Кровавое полотнище для царского манифеста
Кровавое полотнище для царского манифеста
Из всех государственных праздников, отмечаемых в нашей стране (что в Советской, что в постсоветской), как-то особенно не повезло Дню Конституции. На моей памяти он три раза менял свою прописку в календаре: декабрь, октябрь, снова декабрь… И каждый год отмечаем, и никто не помнит, что и почему отмечаем. Послушные Советы или послушные граждане на референдуме проголосовали за написанную кем-то бумажку – что тут помнить-то? А ведь есть по-настоящему памятная дата рождения конституционализма в России. 17 октября 1905 года по старому, 30-го по новому стилю Николай II подписал «Манифест об усовершенствовании государственного порядка». В нём впервые были провозглашены гражданские свободы и основы парламентаризма, в нём же предначерталась судьба всех последующих наших конституций: едва родившись, делаться мёртвой буквой, неисполняемым благопожеланием.

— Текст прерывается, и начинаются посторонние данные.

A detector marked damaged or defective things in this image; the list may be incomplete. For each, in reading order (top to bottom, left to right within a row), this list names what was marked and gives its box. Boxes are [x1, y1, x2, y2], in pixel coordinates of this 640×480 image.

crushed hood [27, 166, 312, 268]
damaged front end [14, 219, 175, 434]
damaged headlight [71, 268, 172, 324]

Невезучий праздник уместнее было бы называть «Днём поминовения Конституции».
Трижды «смута», дважды «свобода»
«Смуты и волнения в столицах и во многих местностях Империи Нашей великой и тяжкою скорбью переполняют сердце Наше. Благо Российского Государя неразрывно с благом народным и печаль народная – Его печаль». Так начинается текст знаменитого манифеста. Прочувствованный тон вступления глохнет в велеречивом пустословии официозной речи: «Великий обет царского служения повелевает Нам всеми силами разума и власти Нашей стремиться к скорейшему прекращению столь опасной для государства смуты…» Длинный абзац заканчивается неприметной полуфразой: «…признали необходимым объединить деятельность Нашего правительства». Далее – три пункта, о том, чем же должно заняться это самое правительство:
«1) Даровать населению незыблемые основы гражданской свободы на началах действительной неприкосновенности личности, свободы совести, слова, собраний и союзов.
2) Не останавливая предназначенных выборов в Государственную Думу, привлечь теперь же к участию в Думе… те классы населения, которые ныне совсем лишены избирательных прав… и
3) Установить как незыблемое правило, чтобы никакой закон не мог восприять силу без одобрения Государственной Думы, и чтобы выборным от народа обеспечена была возможность действительного участия в надзоре за закономерностью действий поставленных от Нас властей».
И итог, как заклинание: «Призываем всех верных сынов России вспомнить долг перед Родиной, помочь прекращению сей неслыханной смуты…»
Под этим текстом государь император поставил подпись 17 октября 1905 года в пять часов пополудни, в Петергофе, в его «собственной» части – Александрии, в кабинете любимой своей Приморской дачи. (Мемориальное здание не сохранилось: оно сгорело во время войны, а руины его взорваны по решению какого-то советского начальственного самодура.) Через два-три часа о свершившемся знали в Петербурге. Наутро о манифесте трубили телеграфные агентства всего мира. Его полный текст на крыльях газетных страниц разлетелся по России. Грамотные прочитали, неграмотные услышали. Восприняли по-разному.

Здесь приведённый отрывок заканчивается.